What strikes us immediately is the juxtaposition of light and dark. In fact, it seems there is more brightness in this nightscape than darkness. The characteristic van Gogh swirls of pigment are blatant and appealing, imbuing the canvas with movement and energy. Repeated curving patterns swing from the landscape into the sky and back again, tying the picture together with the force of this artist’s brush and will.
As to the style and composition of this famous piece, the techniques, while Vincent’s own, are superficially unpolished. The artist himself uses the word “exaggerations” to describe the hills; “warped,” he calls them, “as in old woodcuts.” The undeniable impression of unity that the painting imparts, however, belies its apparent simplicity.
The textured hills lead the eye into the small town on the bottom right quadrant, and thence to the dominating cypress, giving the foreground in a bold dark green, and on into a sky filled with fireworks of stars, moons and the sun itself.

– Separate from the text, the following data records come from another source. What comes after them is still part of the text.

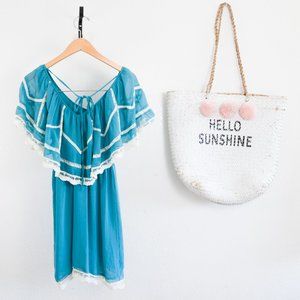 Anthropologie Fiesta Dress NWOT Teal & Cream Lace Trim Off Shoulder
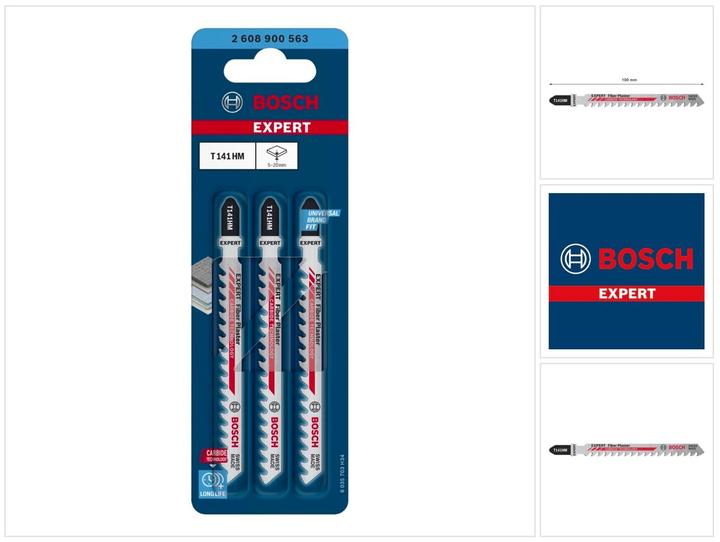 Produktbild Bosch Professional Zubehör EXPERT ‘Fiber Plaster’ T 141 HM Stichsägeblatt, 3 Stück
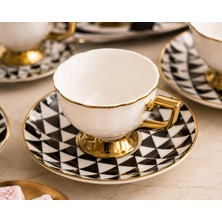 Be-Lis Premium Porselen 6 Kişilik Türk Kahvesi Fincan Takımı Gold Detaylı Modern Desenli Şık Hediye Seti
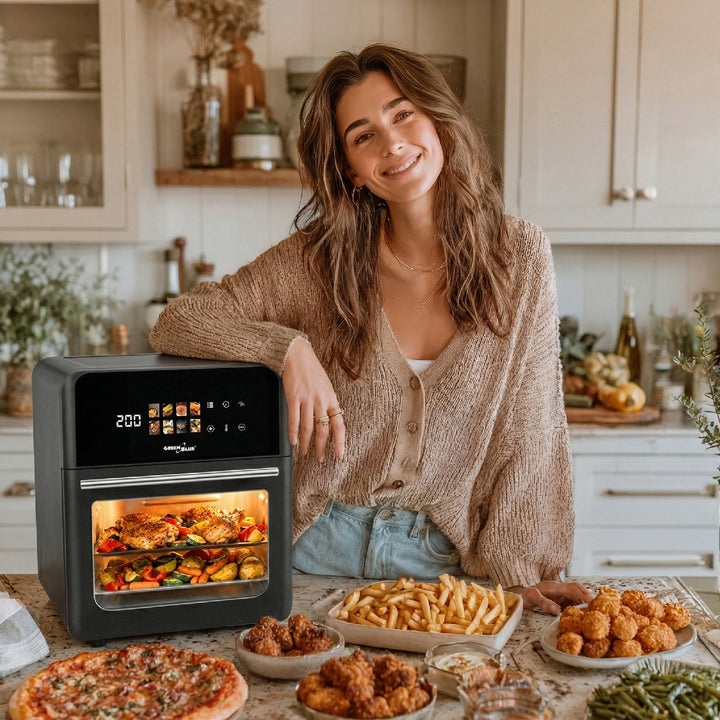 Безмаслена фритюрница AIR FRYER GreenBlue, мощност 1800 W, капацитет 10 л, 8 програми, аксесоари, таймер, GB950 + термометър/сонда за храни, GreenBlue GB178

Swirls fitted into more swirls in the sky give way to round bowls of color that are the heaven’s lights, greater and grander in van Gogh’s vision of things than reality. A tiny steepled church in the bottom center echoes the cypress and confirms an upward reach of the earthly into the sky and beyond.
Vincent painted “The Starry Night” outside the asylum at Saint-Rémy, just one month after entering the institution. It was complete in just three days, one of 150 powerful canvases he produced during that year in the hospital. His time there was a concentrated effort to find light in darkness, not only in his soul, but on canvas. “The Starry Night” reflects all of his churning spirit in a frozen moment of perfect beauty, imparting joy to the viewer, though the artist was in chaos.
Van Gogh sought to express his spirit, and express it he did, in formidable works that speak to humanity in a clear voice on a gut level, such as “The Potato Eaters,” “Vincent’s Room,” and his “Self-Portrait with Bandaged Ear.” His works that do not include figures or faces, such as “The Starry Night,” “Sunflowers” or “Night Café,” speak to us just as clearly as his beloved portraits do. Their impact remains a legacy from a unique spirit that lives on in pure form, through his paintings.